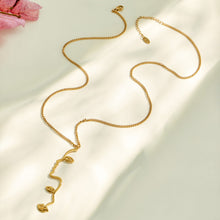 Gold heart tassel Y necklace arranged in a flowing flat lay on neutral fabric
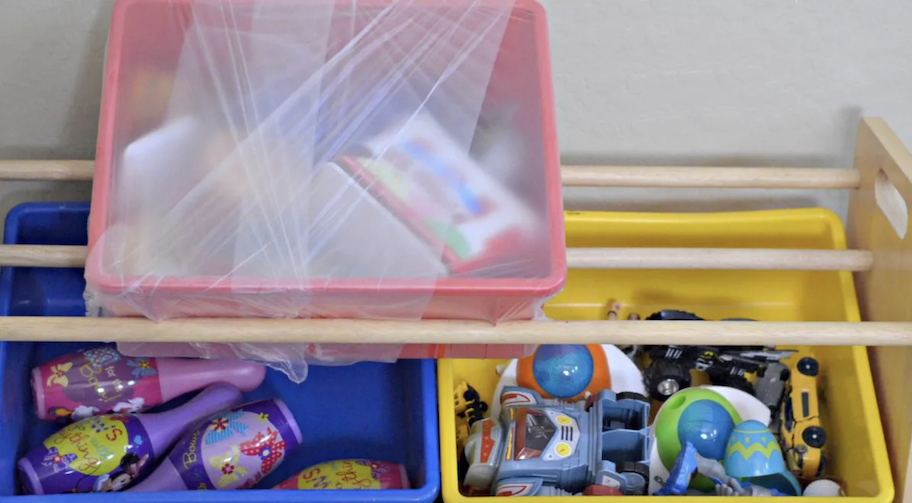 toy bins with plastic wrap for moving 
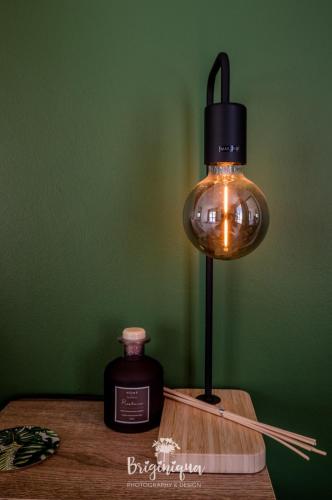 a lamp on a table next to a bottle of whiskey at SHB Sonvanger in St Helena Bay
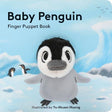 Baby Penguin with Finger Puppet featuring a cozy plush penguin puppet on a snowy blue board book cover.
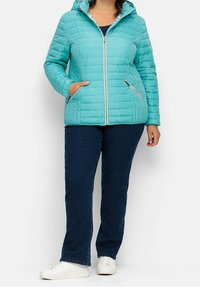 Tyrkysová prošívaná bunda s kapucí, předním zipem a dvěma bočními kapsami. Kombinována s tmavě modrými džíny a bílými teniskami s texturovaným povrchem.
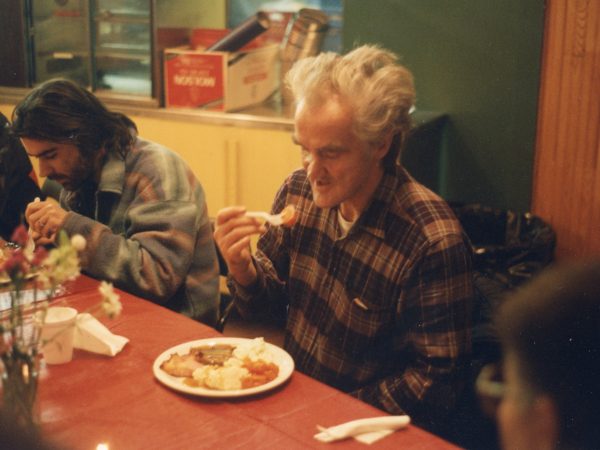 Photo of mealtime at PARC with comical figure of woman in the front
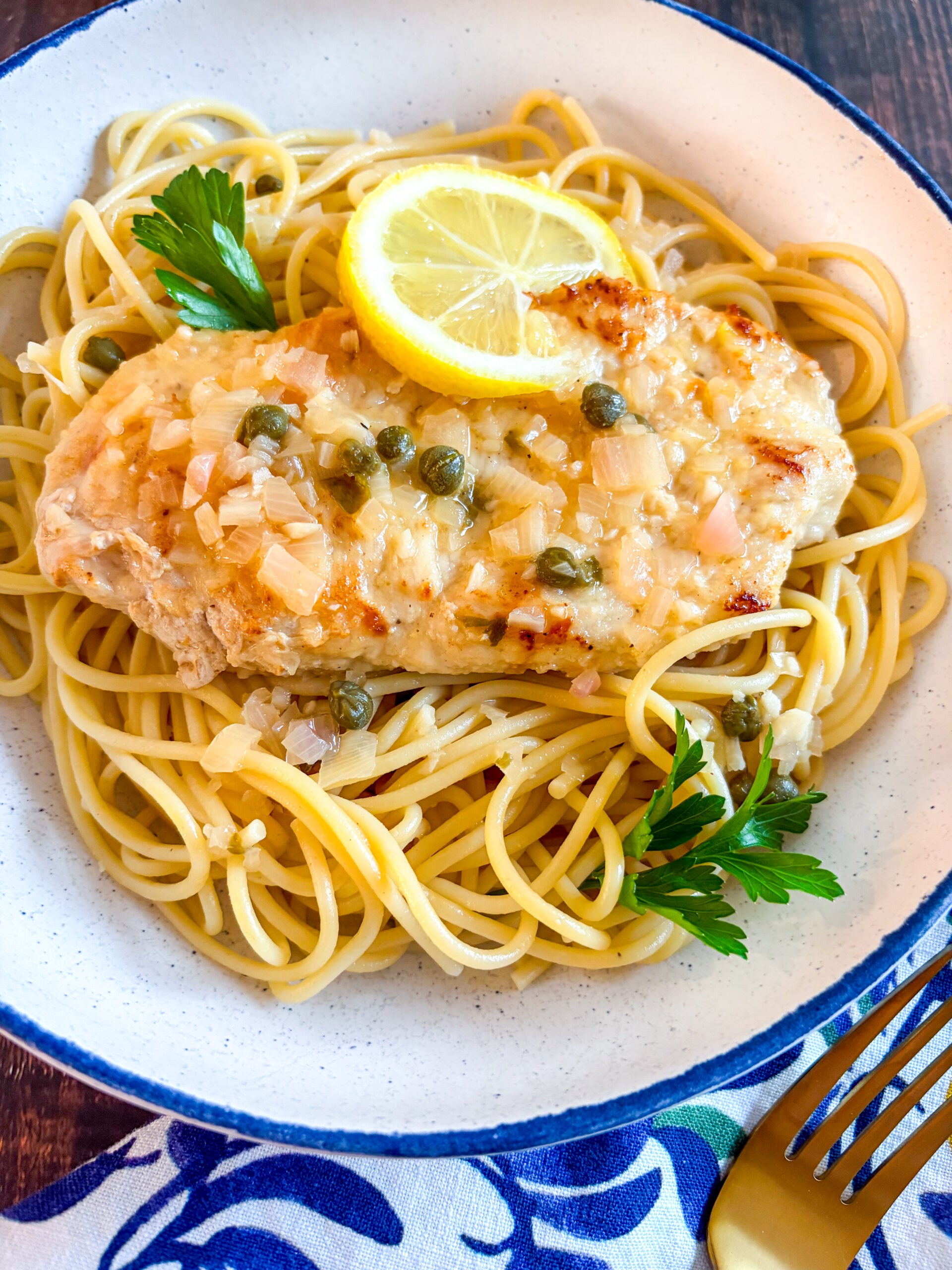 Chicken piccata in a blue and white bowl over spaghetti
=======
### Task instructions
The records above are to be restated exactly, with all pictures omitted.

### Exercise result
 Gold heart tassel Y necklace arranged in a flowing flat lay on neutral fabric
 toy bins with plastic wrap for moving 
 a lamp on a table next to a bottle of whiskey at SHB Sonvanger in St Helena Bay
 Baby Penguin with Finger Puppet featuring a cozy plush penguin puppet on a snowy blue board book cover.
 Tyrkysová prošívaná bunda s kapucí, předním zipem a dvěma bočními kapsami. Kombinována s tmavě modrými džíny a bílými teniskami s texturovaným povrchem.
 Photo of mealtime at PARC with comical figure of woman in the front
 Chicken piccata in a blue and white bowl over spaghetti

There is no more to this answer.